Omega-3 Connected to Prostate Cancer


Researchers have discovered that the popular fatty acid used to fight heart disease is connected to men developing high-grade prostate cancer.

For years, experts hailed the consumption of omega-3 fatty acids as a possible deterrent against developing heart disease; but a recent study published in the April 25th issue of the American Journal of Epidemiology reveals that high levels of omega-3 can potentially damage the prostate.

Researchers at the Fred Hutchinson Cancer Research Center in Seattle, Washington, studied data collected from 3,400 men nationally who consumed omega-3 in their daily diet. The majority of the participants reportedly received their daily dose of omega-3 through the consumption of fish instead of supplements.

They ascertained that the men with the highest concentrations of docosahexaenoic acid (DHA) which can be found in types of omega-3 are 2.5 times more likely to suffer from an aggressive form of prostate cancer.

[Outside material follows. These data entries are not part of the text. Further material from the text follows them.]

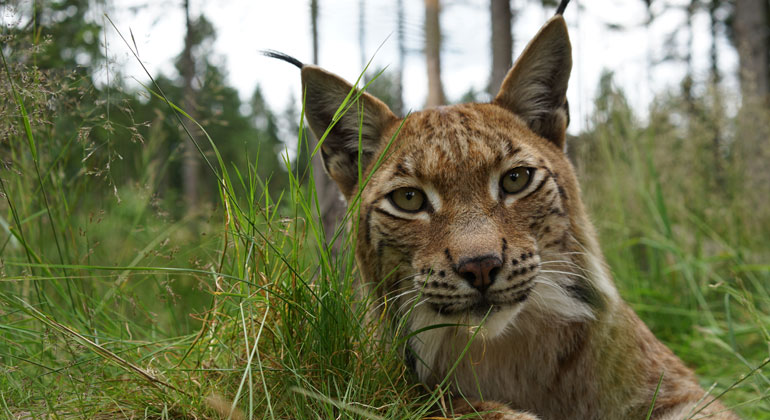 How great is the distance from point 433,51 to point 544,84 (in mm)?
6516

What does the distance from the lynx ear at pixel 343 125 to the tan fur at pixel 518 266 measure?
11mm

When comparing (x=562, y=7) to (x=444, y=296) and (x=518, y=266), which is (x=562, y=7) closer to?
(x=518, y=266)

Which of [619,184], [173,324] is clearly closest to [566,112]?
[173,324]

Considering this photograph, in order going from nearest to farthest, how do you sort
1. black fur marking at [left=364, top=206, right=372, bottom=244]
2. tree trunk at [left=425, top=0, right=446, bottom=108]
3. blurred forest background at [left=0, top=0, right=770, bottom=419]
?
blurred forest background at [left=0, top=0, right=770, bottom=419]
black fur marking at [left=364, top=206, right=372, bottom=244]
tree trunk at [left=425, top=0, right=446, bottom=108]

"We were stunned to see these results and we spent a lot of time making sure the analyses were correct," said Theodore Brasky, leader of the study and a research fellow at the Cancer Prevention Program at Huthchinson. "Our findings turn what we know—or rather what we think we know—about diet, inflammation and the development of prostate cancer on its head."

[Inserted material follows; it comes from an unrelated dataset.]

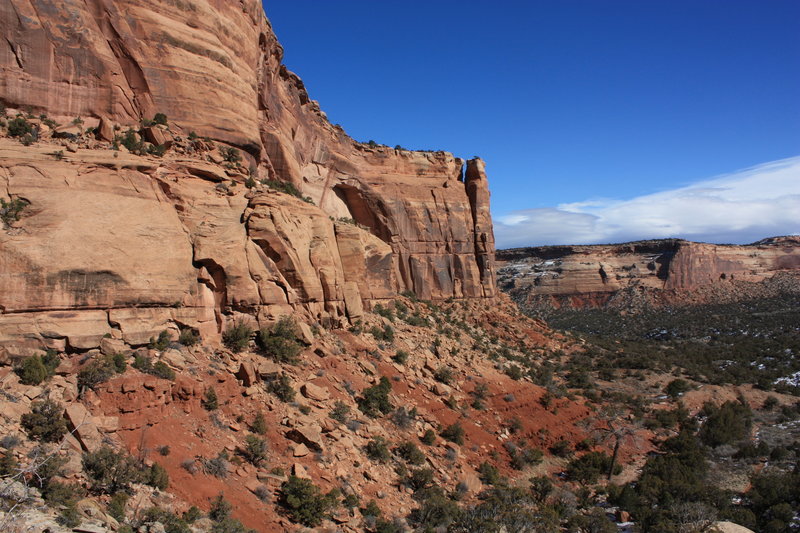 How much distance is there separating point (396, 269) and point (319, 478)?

Additionally, the study discovered another surprising statistic: men possessing the highest blood ratios of trans-fatty acids—found typically in processed foods containing partially hydrogenated vegetable oil and know for causing inflammation and heart disease—actually had a reduced risk of developing high-grade prostate cancer; their chances were reduced by about 50 percent.

The study acknowledged that neither the omega-3 fatty acids nor trans-fatty acids were found to correlate with the risk of developing low-grade prostate cancer risk.

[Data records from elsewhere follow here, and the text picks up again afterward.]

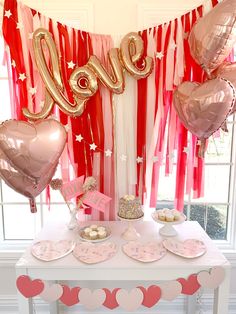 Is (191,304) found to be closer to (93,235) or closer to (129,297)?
(129,297)

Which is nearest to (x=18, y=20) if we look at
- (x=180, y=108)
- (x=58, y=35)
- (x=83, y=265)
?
(x=58, y=35)

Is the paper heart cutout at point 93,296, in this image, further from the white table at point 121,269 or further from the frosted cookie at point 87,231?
the frosted cookie at point 87,231

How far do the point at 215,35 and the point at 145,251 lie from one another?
43.5 inches

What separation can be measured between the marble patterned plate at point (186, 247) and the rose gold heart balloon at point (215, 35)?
927mm

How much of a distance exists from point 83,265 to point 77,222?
1.49ft

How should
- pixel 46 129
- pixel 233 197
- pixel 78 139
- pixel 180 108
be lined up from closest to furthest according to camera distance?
pixel 46 129
pixel 180 108
pixel 78 139
pixel 233 197

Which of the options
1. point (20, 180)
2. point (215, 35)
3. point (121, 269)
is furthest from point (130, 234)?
point (215, 35)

The research team stated that, while they were initially surprised by the results of their research, their findings show the “complexity of nutrition and its impact on disease risk, and that we should study such associations rigorously, rather than make assumptions.”

Brasky added, "Overall, the beneficial effects of eating fish to prevent heart disease outweigh any harm related to prostate cancer risk," and suggested that men who are at risk of developing heart disease should maintain the practice of eating fish or consuming supplements of omega-3 fatty acids as a part of their diet.

The reasoning of why omega-3 has such a risk of raising the risk of developing high-grade prostate cancer is unknown. "Besides inflammation, omega-3 fats affect other biologic processes,” said Brasky. “It may be that these mechanisms play a greater role in the development of certain prostate cancers. This is certainly an area that needs more research."